REQUIRED WORK:
I would like the line with "Puzhniki, Ukraine Cemetery." and every line after it, down to the end of the entries below, output exactly and without pictures.

Brief descriptive captions:
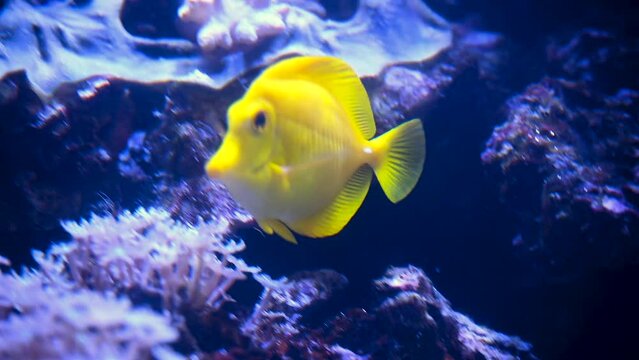 A Nemo fish plays hide and seek amongst the moving tentacles of a soft Sea Anemone. Clownfish or Anemonefish in Aquarium concept. 4k super slow motion 120 fps raw cinematic video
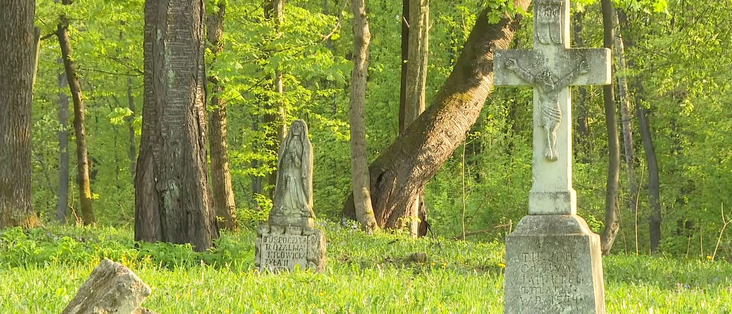 Puzhniki, Ukraine Cemetery. Source: Screengrab TVP World report

A tomb in an Ukrainian forest. The inscription in Polish reads: Here rests Rozaliya Krowicka. She lived!!
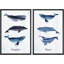 «White Mid-Century Modern Organic Polygon», 2 pièces-98554704-98554705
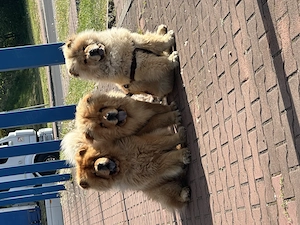 Chow chow masculi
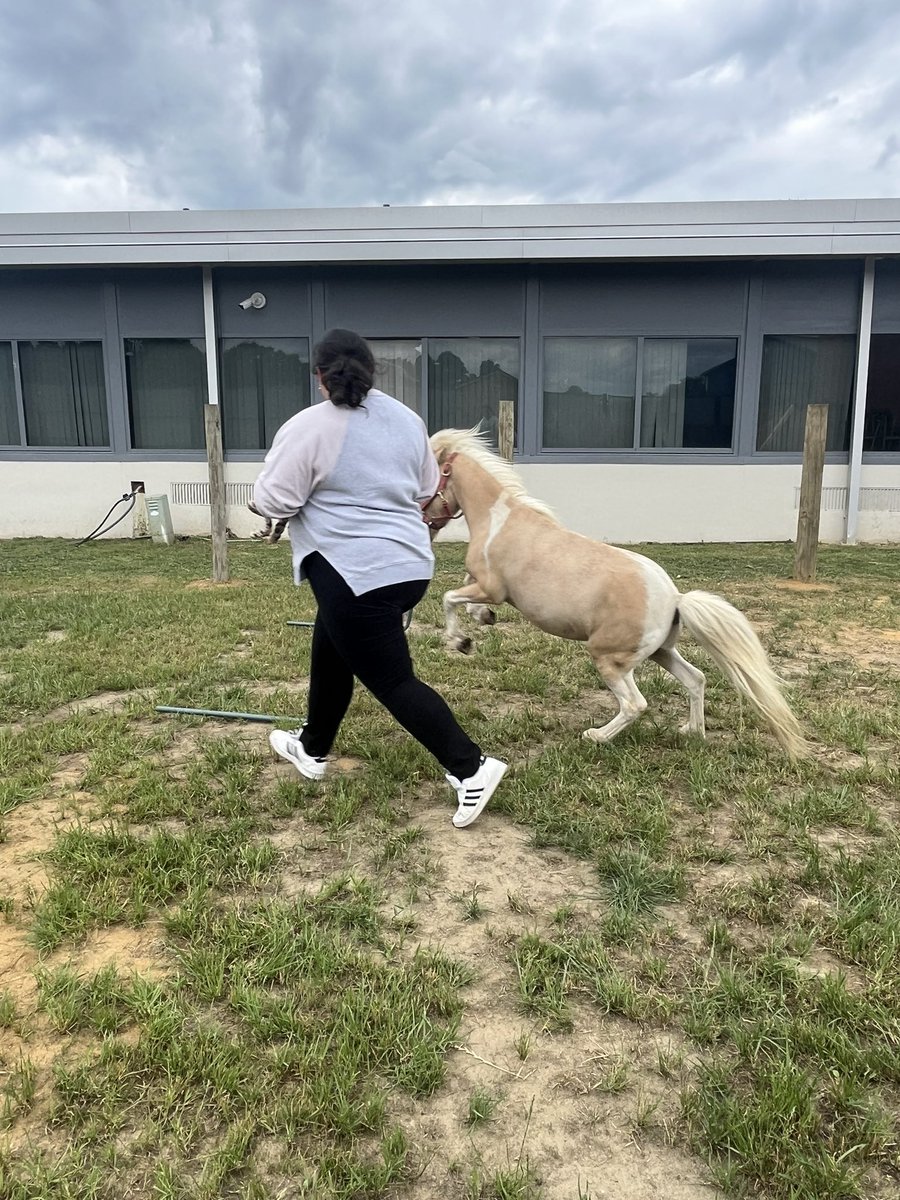 Karissa Kester tweet media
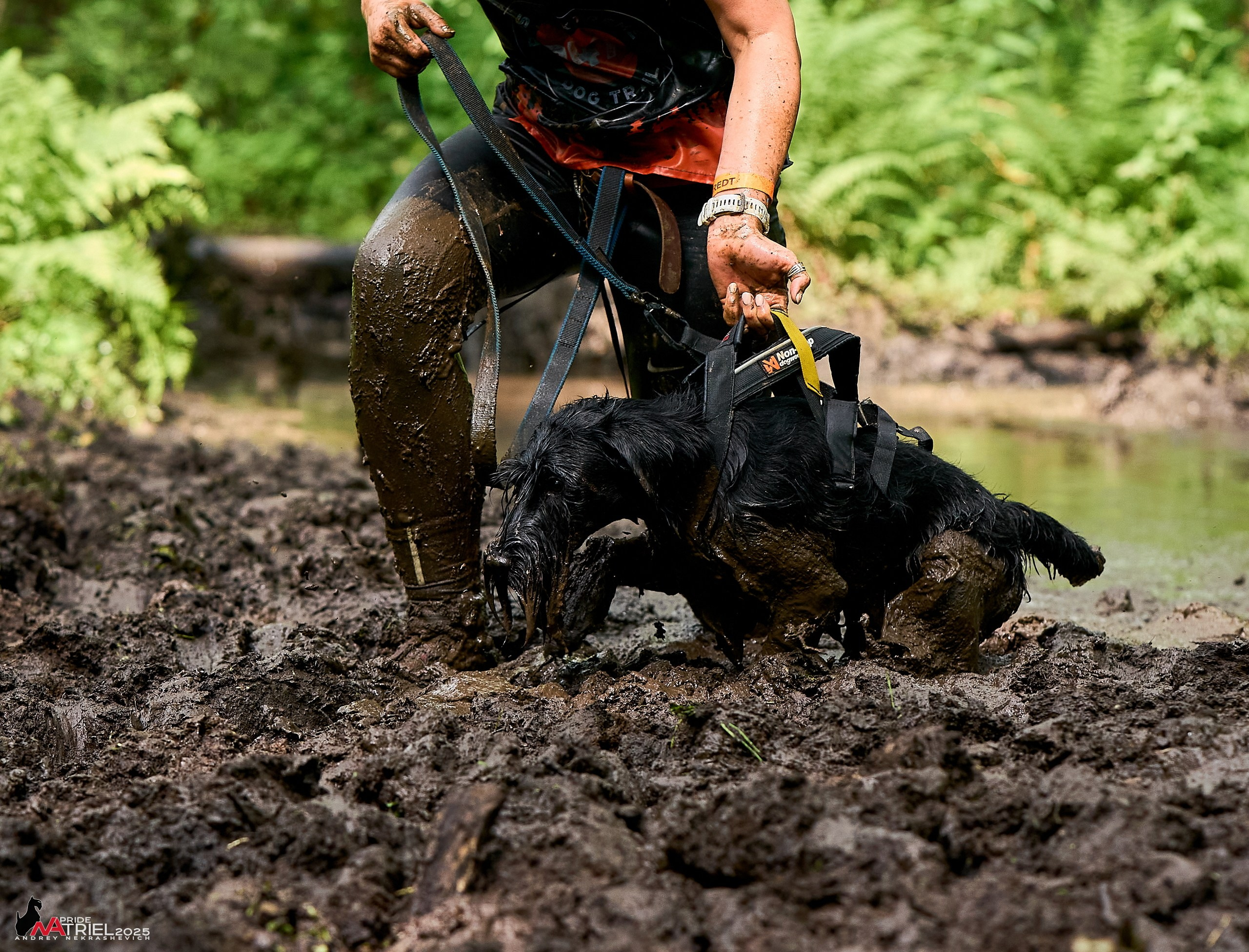 Russian Extreme Dog Trail — 2025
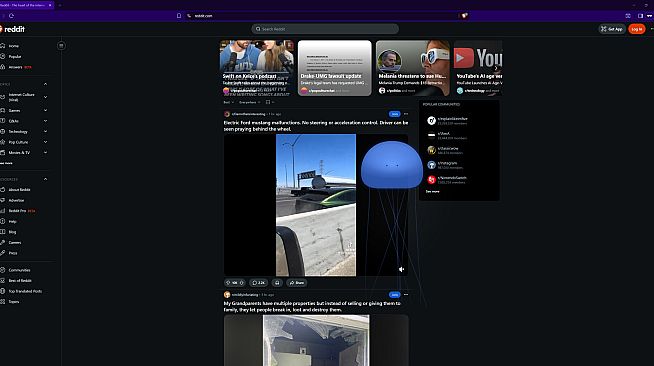 Talking Jellyfish AI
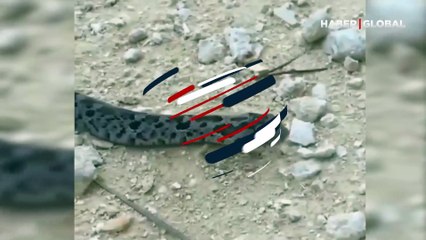 Yılanın ölü taklidi yaptığı görüntüler izlenme rekoru kırdı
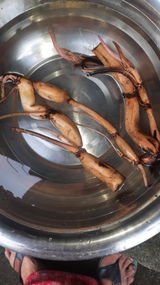 Paramjit Sutradhar review photo
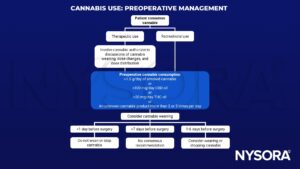 Cannabins use, therapeutic use, recreational use, CBD oil, THC oil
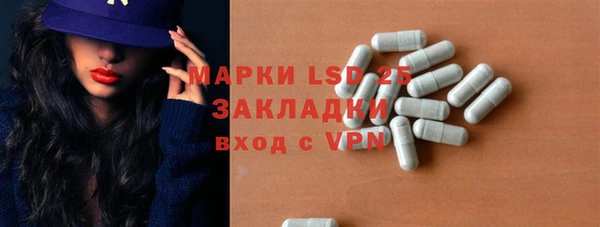 ГАЛЛЮЦИНОГЕННЫЕ ГРИБЫ Новозыбков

EXPECTED OUTPUT:
 Puzhniki, Ukraine Cemetery. Source: Screengrab TVP World report

A tomb in an Ukrainian forest. The inscription in Polish reads: Here rests Rozaliya Krowicka. She lived!!
 «White Mid-Century Modern Organic Polygon», 2 pièces-98554704-98554705
 Chow chow masculi
 Karissa Kester tweet media
 Russian Extreme Dog Trail — 2025
 Talking Jellyfish AI
 Yılanın ölü taklidi yaptığı görüntüler izlenme rekoru kırdı
 Paramjit Sutradhar review photo
 Cannabins use, therapeutic use, recreational use, CBD oil, THC oil
 ГАЛЛЮЦИНОГЕННЫЕ ГРИБЫ Новозыбков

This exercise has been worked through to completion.